View descending the AT towards Orange Tpk.
Facing west.

View descending the AT towards Orange Tpk.
Facing north.

View descending the AT towards Orange Tpk.
This is a large exposed rockface.
Facing Yehuda looking south.

 The view at the intersection of the Indian Hill Loop and the Furnace Loop.
Facing south.

 Me at the above view.

 View from atop Indian Hill. Facing east toward
Surebridge Mountain in Harriman State Park

 Facing North from Indian Hill.

Sunday, August 8, 2010

Pine Meadow Lake Night Hike

Harriman State Park
Rockland County,
New York

Sherwood Path: Unblazed
Pine Meadow Trail: Red Blaze

Total Time:
3:00 hr
Estimated Distance: 5 Miles

This was quite an interesting hike, not by choice. It was about 9:30 at night when I received a call from Chaverim, a help organization, that they needed my help for a search and rescue mission. A family with seven members had gotten lost on a hike and it had already gotten dark, and they needed my help locating them.

The lost individuals had provided some details as to his whereabouts, and based on his description, I had determined the location to be at the intersection of the Pine Meadow Trail and The Conklin's Crossing Trail. There was no way to ascertain that for certain, since communication with the people were lost when the one cell phone they had its battery die.

I had already taken a solid hike in the morning, so this was my second hike of the day. The Chaverim members picked me up, and I suggested we park at the end of Wilder Road by Route 202. This was an out of the way parking space, as We wanted to stay as inconspicuous as possible so that we would not be detected and stopped by the Police, who would have blown this into a huge deal.

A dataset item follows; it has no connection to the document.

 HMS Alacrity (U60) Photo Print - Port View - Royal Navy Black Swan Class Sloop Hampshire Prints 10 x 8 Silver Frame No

Our group headed south down Route 202 for a little bit, then bushwacked into the Wood and crossed the Mahwah River to get to the Sherwood Path. It was pitch black, with no moon at all. We all had flashlights and headlamps, and this guided us throughout the way. At one point we took a wrong spur off the Sherwood Path, but then found it again.

While climbing the Sherwood Path up Horse Stable Mountain, we head a bunch of ATV's at the bottom and saw the lights in the distance. Apparently someone had called about us and they were searching for us. We shut off our flashlights and kept quiet until they passed. We continued along the Sherwood Path, which is a pretty good uphill climb, and two Chaverim members couldn't make it any further so they bailed out by the shelter at the Suffern-Bear Mnt Trail intersection.

We continued until the Pine Meadow Trail, and then went south on the Pine Meadow Trail towards the lake. I was hoping and praying that we'd find them there. As we came closer to the lake we started yelling and blowing whistles, and low and behold, we heard a response! We found the missing people! They were grateful to see us, and heartily devoured the food and drink we provided them.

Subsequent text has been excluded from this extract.